▶ [Extracted entries]:
--

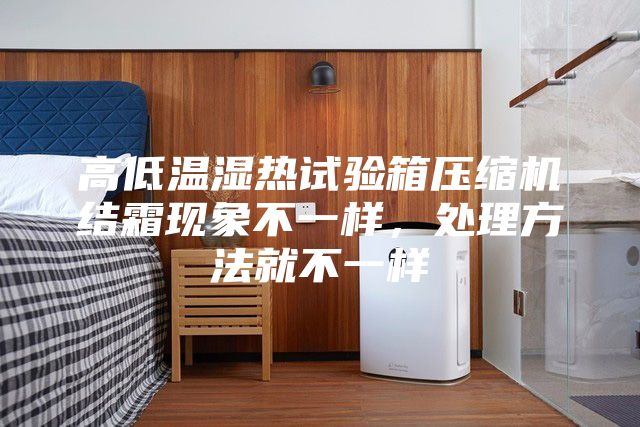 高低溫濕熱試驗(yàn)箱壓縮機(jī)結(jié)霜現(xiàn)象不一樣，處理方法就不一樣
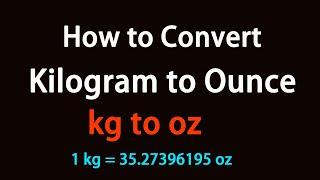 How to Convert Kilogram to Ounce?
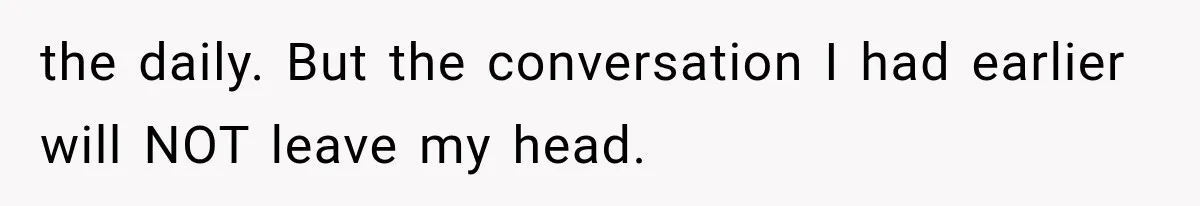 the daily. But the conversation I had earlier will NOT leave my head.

--

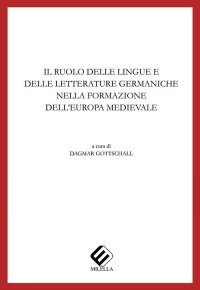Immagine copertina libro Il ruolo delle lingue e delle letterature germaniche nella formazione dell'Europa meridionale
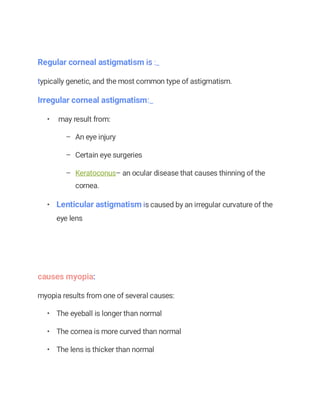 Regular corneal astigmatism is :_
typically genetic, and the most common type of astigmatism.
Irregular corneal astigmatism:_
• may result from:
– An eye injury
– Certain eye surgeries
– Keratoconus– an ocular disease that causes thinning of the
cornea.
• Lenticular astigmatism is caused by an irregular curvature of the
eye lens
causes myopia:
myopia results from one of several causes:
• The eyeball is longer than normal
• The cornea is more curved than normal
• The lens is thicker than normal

--

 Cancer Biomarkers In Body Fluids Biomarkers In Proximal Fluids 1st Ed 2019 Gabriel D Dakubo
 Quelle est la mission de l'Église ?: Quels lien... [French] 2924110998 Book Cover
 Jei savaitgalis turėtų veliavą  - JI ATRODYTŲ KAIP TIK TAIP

--

▶ [Exercise details]: An exact copy is needed of the entries above, starting at the line that holds "高低溫濕熱試驗(yàn)箱壓" and stopping at the line that holds "the daily. But", both kept; pictures stay out.

▶ [The answer]:
 高低溫濕熱試驗(yàn)箱壓縮機(jī)結(jié)霜現(xiàn)象不一樣，處理方法就不一樣
 How to Convert Kilogram to Ounce?
 the daily. But the conversation I had earlier will NOT leave my head.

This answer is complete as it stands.